Pande Lab at Stanford University in collaboration with Google released a paper earlier this week that focuses on how neural networks and deep learning technology could be crucial in improving the accuracy of determining which chemical compounds would be effective drug treatments for a variety of diseases.

A Google Research blog post explains how in the recent past, computational methods using deep learning with neural networks have attempted to ‘replace or augment the high-throughput screening process.’

So far, virtual drug screening has used existing data on studied diseases; but the volume of experimental drug screening data across many diseases continues to grow.

The paper titled “Massively Multitask Networks for Drug Discovery,” among other things, quantifies how the amount and diversity of screening data from a variety of diseases with very different biological processes can be used to improve the virtual drug screening predictions, explains the blog.

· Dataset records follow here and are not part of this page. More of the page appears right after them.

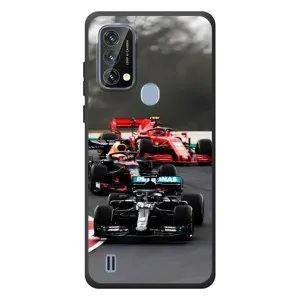 Чохол Формула1 на Blackview A50 (Гонка Формула 1)
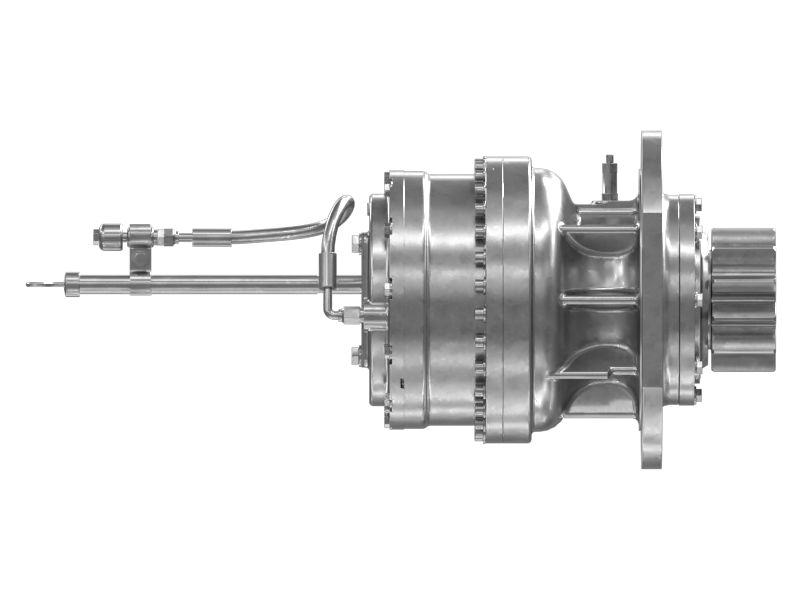 ПРИВОД ПОВОРОТНЫЙ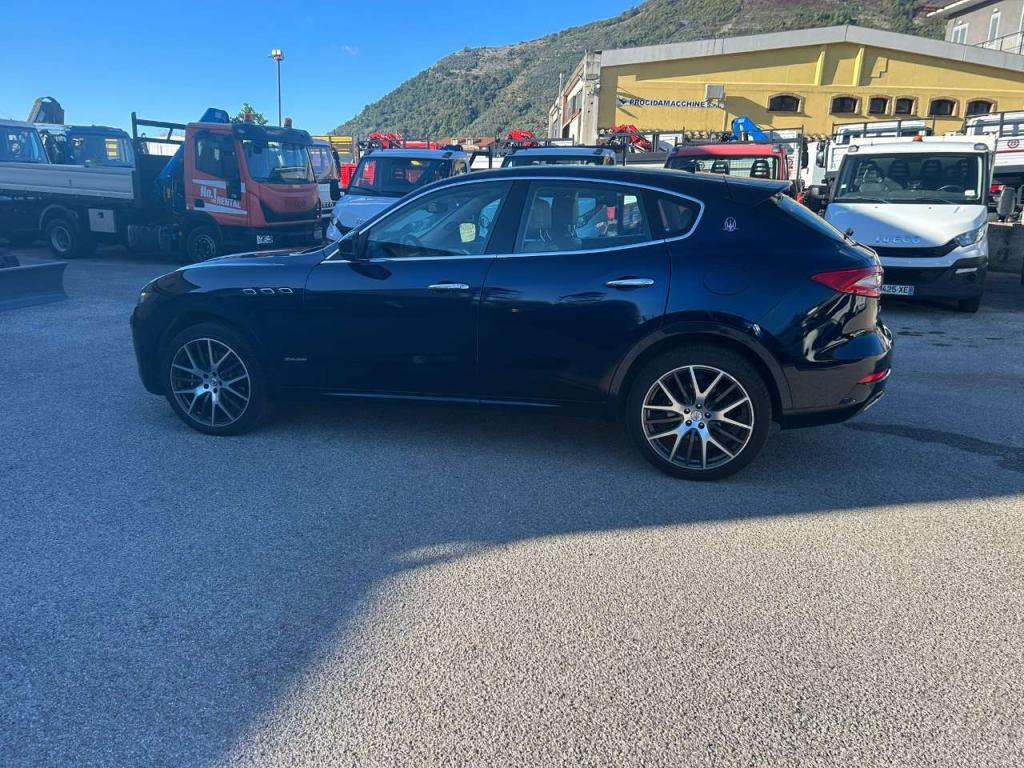 Maserati Levante Granlusso 3.0V6 Photo 20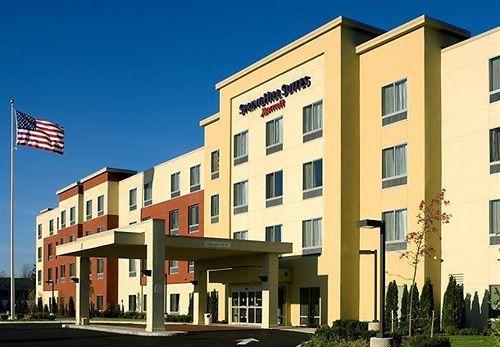 SpringHill Suites Albany-Colonie - Bild 1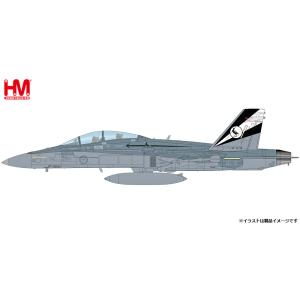 ホビーマスター 1/ 72 F/ A-18B ホーネット"オーストラリア空軍 ファイナルフライト"塗装済完成品 返品種別B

Working with a total of 37.8M data points across 259 distinct biological processes, using large-scale neural network training system to train at a scale 18x larger than previously used, the researchers managed to “probe the sensitivity of these models to a variety of changes in model structure and input data.”

“In the paper, we examine not just the performance of the model but why it performs well and what we can expect for similar models in the future. The data in the paper represents more than 50M total CPU hours.”

The entire effort, although it does not outline any milestone, is a step towards discerning an accurate and time saving method in drug discovery, that was traditionally almost impossible.